Le carceri sono diventate lo specchio dell’illegalità costituzionale dello Stato italiano. A dirlo non sono solo le associazioni a difesa dei diritti umani ma il Comitato dei Ministri del Consiglio d’Europa, che il 6 marzo ha espresso “seria preoccupazione” per il modo in cui l’Italia sta affrontando il sovraffollamento carcerario. La Sardegna non è estranea a questa costante violazione dei diritti delle persone private della libertà. Proprio in queste ore un comitato di familiari dei detenuti del carcere di Iglesias è mobilitato contro la decisione del Ministero della Giustizia e del Dap di trasferire un numero considerevole di detenuti da Iglesias a penitenziari di altre province.
Una scelta in palese contraddizione con l’articolo 42 dell’ordinamento penitenziario: “Nel disporre i trasferimenti deve essere favorito il criterio di destinare i soggetti in istituti prossimi alla residenza delle famiglie” e con l’articolo 1 della legge 354/1975: “Nei confronti dei condannati e degli internati deve essere attuato un trattamento rieducativo che tenda, anche attraverso i contatti con l’ambiente esterno, al reinserimento sociale degli stessi”.
Al contrario si negano alle persone detenute i presupposti che per legge conciliano le esigenze della custodia con quelle della rieducazione emarginandoli sempre di più dal proprio contesto sociale e e territoriale.
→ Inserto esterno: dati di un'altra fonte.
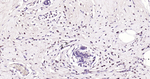 PARP1 Recombinant Rabbit Monoclonal Antibody (45G1)
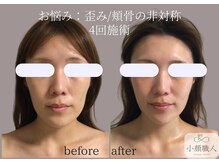 小顔職人/小顔ビフォーアフター/20代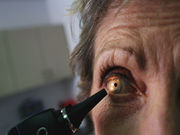 Stem cells may offer new hope for patients with age-related macular degeneration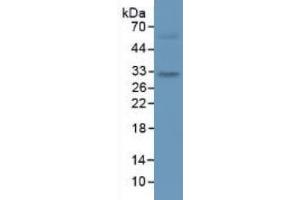 Rabbit Detection antibody from the kit in WB with Positive Control: Rat large intestine tissue.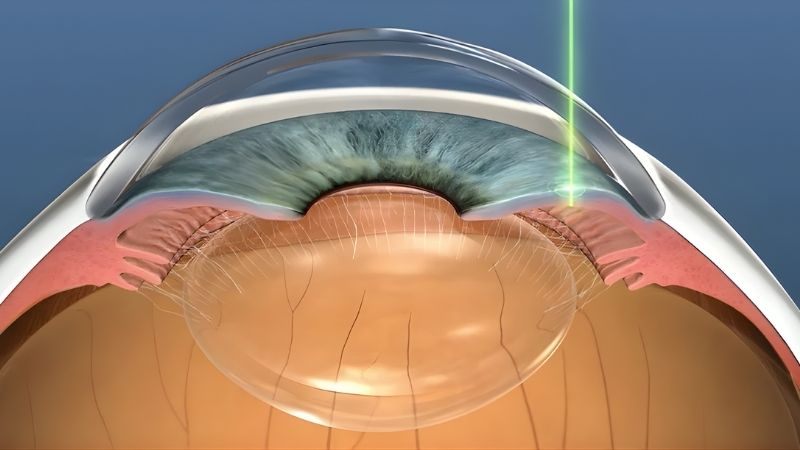 Laser mống mắt chu biên giúp thủy dịch lưu thông dễ dàng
Il carcere di Iglesias è uno dei pochi istituti dove alle persone detenute sono garantite condizioni di vita rispettose della dignità e dei diritti come previsto dal Consiglio d’Europa. Eppure la vera motivazione del trasferimento sembra essere la chiusura dello steso carcere di Iglesias. Una scelta decisa unilateralmente che avrà gravi ripercussioni anche su tutto personale in servizio e denunciata nei mesi scorsi anche dai sindacati della polizia penitenziaria in mobilitazione da ottobre con una manifestazione sotto il palazzo del consiglio regionale.
Questi trasferimenti, motivati solamente da interessi interni all’amministrazione penitenziaria, provocano pesanti disagi ai detenuti e ai loro familiari. Ogni persona privata della libertà deve essere messa in condizione di scontare la sua pena nel suo luogo di residenza perché la detenzione lontano dai propri familiari grava su situazioni economiche difficili, e provoca ripercussioni psicologiche per i limiti ai rapporti affettivi. Questa condizione di lontananza va a ledere anche lo stesso diritto alla difesa che viene ostacolato con un aggravio delle spese legali di trasferta sostenute dagli avvocati.